I’m referring to the lucky people—of which I am nominally one—who can afford to spend many hours a day engaged in non-paying “work.” These people have the luxury of devoting themselves to something that will, in all likelihood, never earn them more than enough to cover contest entry fees and ink and paper for their printers.
I was reminded of an even more elite “elite” recently when I inquired about Narrative’s four-day intensive workshop. It sounded like a wonderful opportunity to dive deep into my next novel and get feedback from literary peers and professionals. Then I encountered the price, which is—to save you the bother of inquiring—$2,700, not including travel and lodging if you live outside the San Francisco Bay area.

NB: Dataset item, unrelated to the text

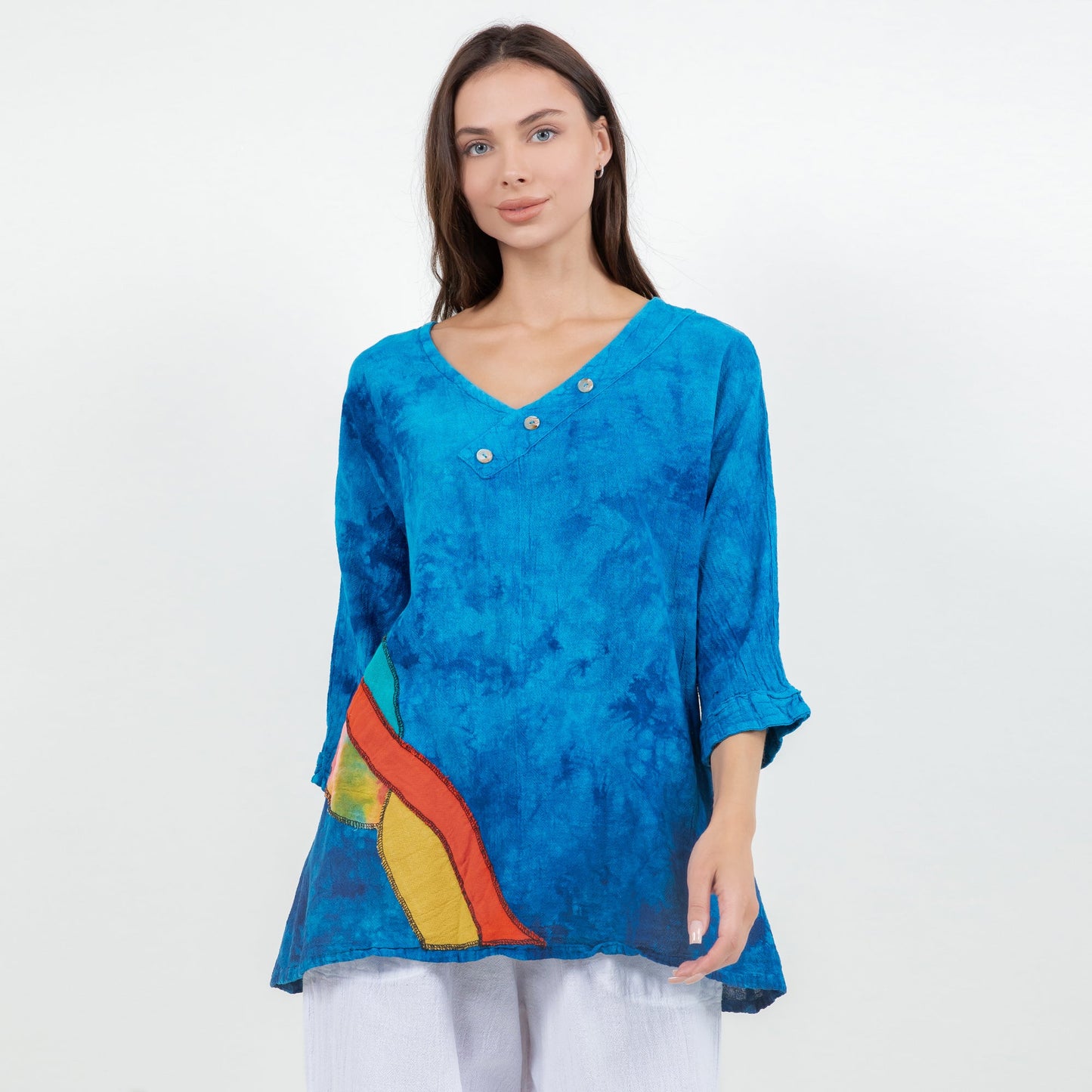Lucia Applique Top 100% Cotton Gauze in 0 view 3 - Gauze Top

I’m not saying the workshop isn’t a good deal. I have no doubt that attendees emerge from those four days inspired and with more finely honed manuscripts. But for me, other interests are competing for that $2,700. (Health insurance. My kids’ college funds. Car repairs. Groceries.)
It would be a different story if attending the workshop were an investment like that in a trade certificate program at the local community college, from which I’d emerge ready to take on a job as a tax preparer, say, or a green building engineer. The literary workshop offers no such official imprimatur.

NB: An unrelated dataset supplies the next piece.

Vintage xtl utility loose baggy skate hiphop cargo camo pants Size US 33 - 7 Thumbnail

And that’s what makes this workshop—and other, less expensive (because shorter) workshops in which I’ve participated over the years—seem not so much an investment in professional development as an indulgence for a pampered snob.
Am I, really?
I have seen the 1 percent, and she is me (I am she?)
I recently read an as-yet-un-but-absolutely-must-be-published memoir by a good childhood friend. I don’t want to reveal much about it here, but I can say that I found her story awe-inspiring. And it got me thinking about a schism I have always felt in my own life between my identity and my actions. I have never thought of myself as privileged. But thinking is not reality. I must admit I have lived—and continue to live—a privileged life.
My fiction has become the place where I wrestle with the cognitive dissonance between who I perceive myself to be and who I actually am. Rather than covet material things, I write about the dangers of materialism. Rather than attend $2,700 writing workshops, I blog about how they are only accessible to a small, elite cadre of writers.
My $6 investment
In the spirit of keeping things egalitarian—and perhaps as a buffer to my cognitive dissonance—I have instead decided to spend $6 to join the next round of Sixfold’s completely writer-voted contest instead of attending the workshop. This investment promises to bring many comments on my writing from fellow writers and a corresponding amount of work for me; I will be reading a lot of manuscripts during November.
What about you? Are you a completely integrated person, or are there parts of you that clash dissonantly with the rest?